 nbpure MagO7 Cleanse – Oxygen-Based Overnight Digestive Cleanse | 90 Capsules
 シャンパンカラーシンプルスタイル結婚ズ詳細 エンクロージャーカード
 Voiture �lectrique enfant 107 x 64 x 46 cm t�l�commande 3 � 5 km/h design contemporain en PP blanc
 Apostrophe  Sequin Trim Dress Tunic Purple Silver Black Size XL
--
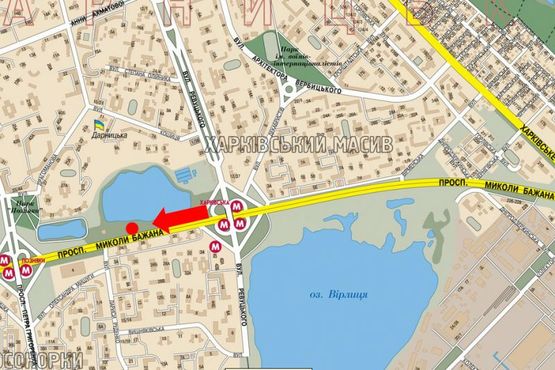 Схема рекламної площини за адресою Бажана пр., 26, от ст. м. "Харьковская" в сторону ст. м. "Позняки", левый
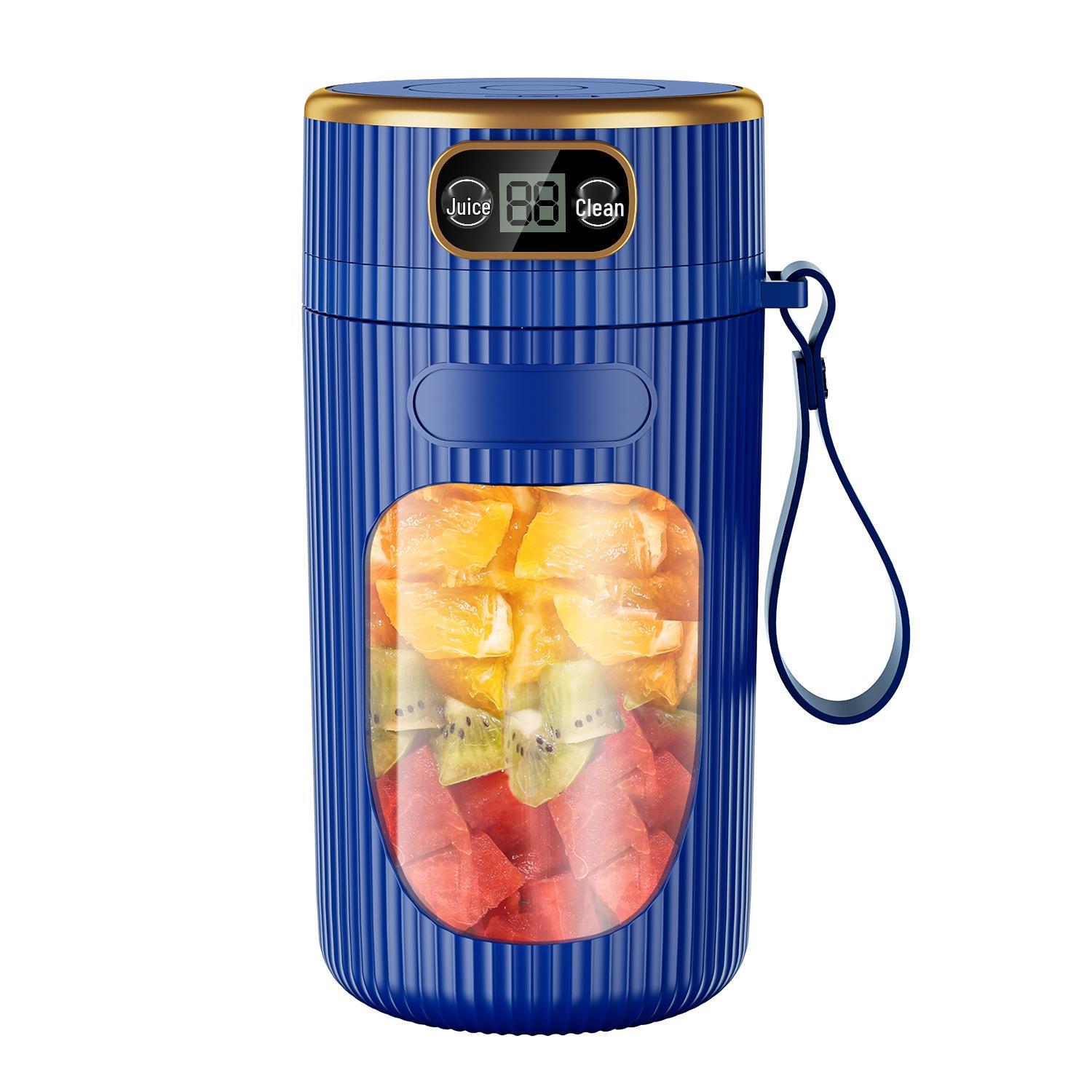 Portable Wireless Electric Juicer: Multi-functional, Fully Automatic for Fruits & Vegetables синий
...
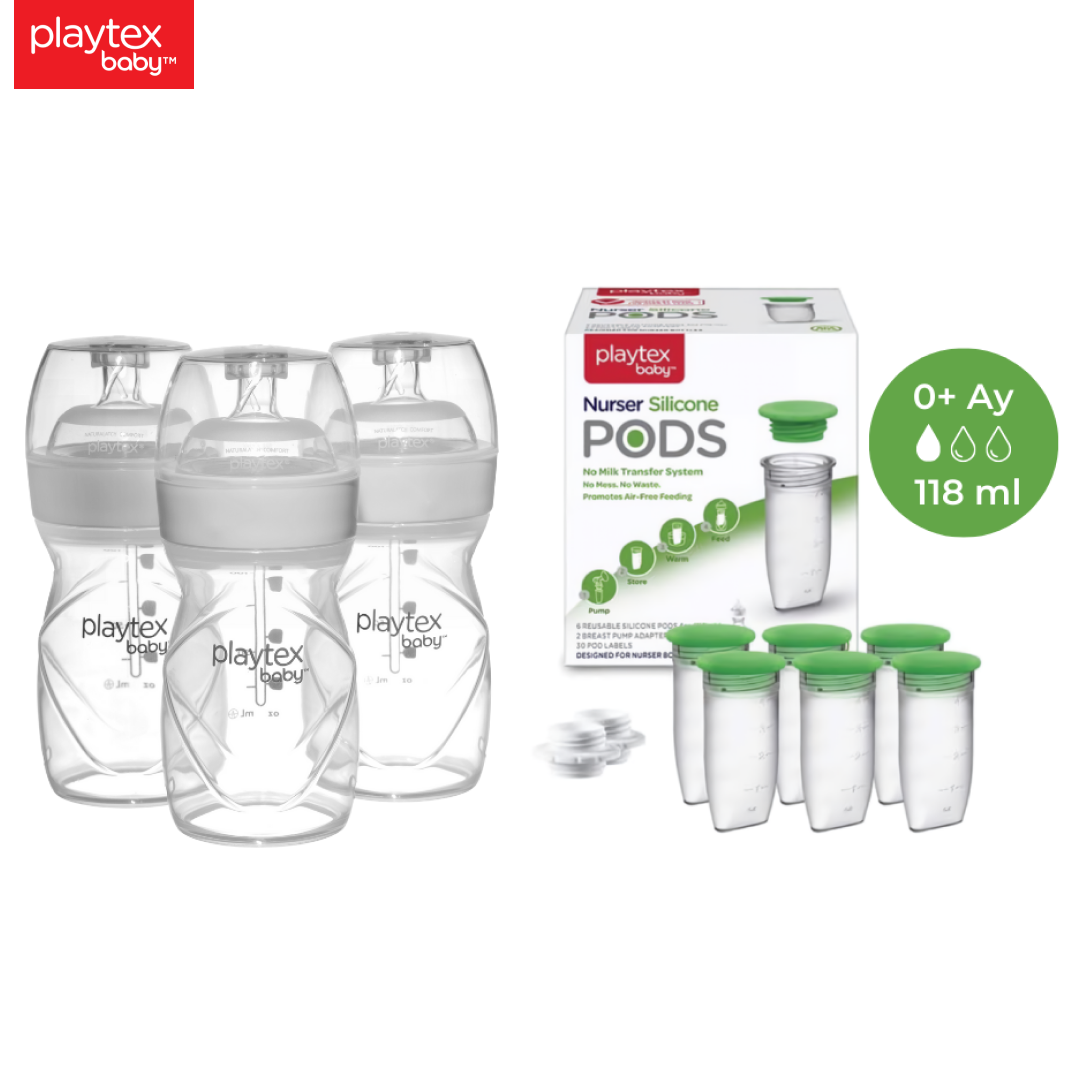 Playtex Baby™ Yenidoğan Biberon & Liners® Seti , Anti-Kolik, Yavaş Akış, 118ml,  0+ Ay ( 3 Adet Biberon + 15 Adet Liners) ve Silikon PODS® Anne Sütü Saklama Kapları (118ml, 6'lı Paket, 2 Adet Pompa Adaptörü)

** How to complete this task **
Using the entries above, return exactly the lines from the line with "Voiture �lectrique enfant" to the line with "Black Size XL", counting both of those lines.

** Response for this exercise **
 Voiture �lectrique enfant 107 x 64 x 46 cm t�l�commande 3 � 5 km/h design contemporain en PP blanc
 Apostrophe  Sequin Trim Dress Tunic Purple Silver Black Size XL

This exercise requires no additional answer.